Kota
Semarang. Sebuah rumah yang menjadi home industri pembuatan ekstasi di
Kota Semarang Jawa Tengah digerebek petugas gabungan dari Bareskrim
Polri dan Polda Jateng. Dua orang pelaku beserta barang bukti yang siap
di edar serta bahan baku pembuatan Narkoba turut di sita, pelaku
diduga kuat terlibat jaringan peredaran Narkoba internasional sekarang
sudah di tangkap dan dilakukan pengembangan ke jaringan lain.
Hal
itu diungkapkan Waka Polda Jateng Brigjen Pol Abioso Seno Aji
didampingi Dirresnarkoba Kombes Pol Lutfi Martadian dalam pers rilis
ungkap kasus Clandenstine Laboratory (pabrik ekstasi) jaringan
internasional di Tempat Kejadian Perkara (TKP) yang beralamat di Jl.
Kauman Barat 5 No 10 Kec. Pedurungan Kota Semarang Jawa Tengah. Sabtu
(2/6/2023).
Kegiatan yang turut dihadiri Karo Ops Kombes Pol
Basya Radyananda, Kapolrestabes Semarang Kombes Pol Irwan Anwar, dan
pejabat Bea Cukai Kanwil Jateng-DIY Tri Utomo tersebut dilaksanakan
secara daring bersama Bareskrim Polri yang turut menggelar kegiatan
serupa di TKP yang masih berkaitan di Tangerang Banten.
“Pengungkapan
ini bermula dari informasi yang diperoleh petugas Bea Cukai mengenai
masuknya alat pencetak pil (dari luar negeri) dan bahan-bahan kimia yang
dicurigai digunakan untuk produksi ekstasi,” tutur Wakapolda.
Berdasarkan
informasi tersebut, petugas Bea Cukai kemudian berkoordinasi Bareskrim
Polri, Polda Banten dan Polda Jateng untuk melakukan control delivery.

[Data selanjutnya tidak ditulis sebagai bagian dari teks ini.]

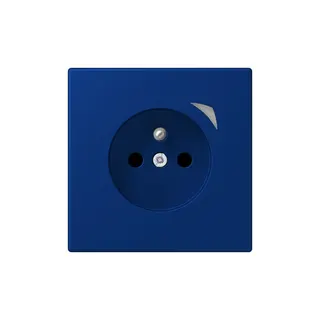 Jung Steckdose BTLC1521FSE261 HOME Energy franz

Hasilnya, pada hari Kamis (1/6/2023) petugas melakukan penggerebekan
terhadap alamat rumah di Tangerang, Propinsi Banten serta Kota Semarang
yang menjadi tujuan pengiriman barang-barang tersebut.
Penggerebekan
di Tangerang dilakukan oleh Tim Gabungan Bareskrim Polri dan Polda
Banten pada pukul 17.30 WIB di sebuah rumah beralamat di Desa
Wanakerta, Kec. Sindang Jaya, Kabupaten Tangerang, Banten. Berselang dua
jam kemudian, Tim Gabungan Bareskrim Polri dan Polda Jateng menggerebek
sebuah rumah di Jl. Kauman Kec. Pedurungan Kota Semarang Jawa Tengah.
“Di
dalam rumah yang di pergunakan sebagai tempat produksi narkotika jenis
ekstasi ini, petugas mendapati adanya aktifitas produksi obat-obatan
terlarang yang dilakukan oleh para pelaku,” lanjutnya.
Adapun di
TKP Tangerang, dua orang pelaku berinisial TH (39) dan N (27) diamankan
petugas berikut barang bukti mesin cetak ekstasi serta bahan bakunya.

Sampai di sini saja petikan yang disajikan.